* _DATA SEGMENT_:
-=-=-=-=-
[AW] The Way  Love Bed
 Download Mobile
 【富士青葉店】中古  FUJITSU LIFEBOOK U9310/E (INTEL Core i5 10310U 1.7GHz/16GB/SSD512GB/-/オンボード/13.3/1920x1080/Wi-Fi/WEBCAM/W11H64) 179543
-=-=-=-=-
* _WORK ORDER_: All of the data above must be repeated exactly.

* _ANSWER BOX_:
[AW] The Way  Love Bed
 Download Mobile
 【富士青葉店】中古  FUJITSU LIFEBOOK U9310/E (INTEL Core i5 10310U 1.7GHz/16GB/SSD512GB/-/オンボード/13.3/1920x1080/Wi-Fi/WEBCAM/W11H64) 179543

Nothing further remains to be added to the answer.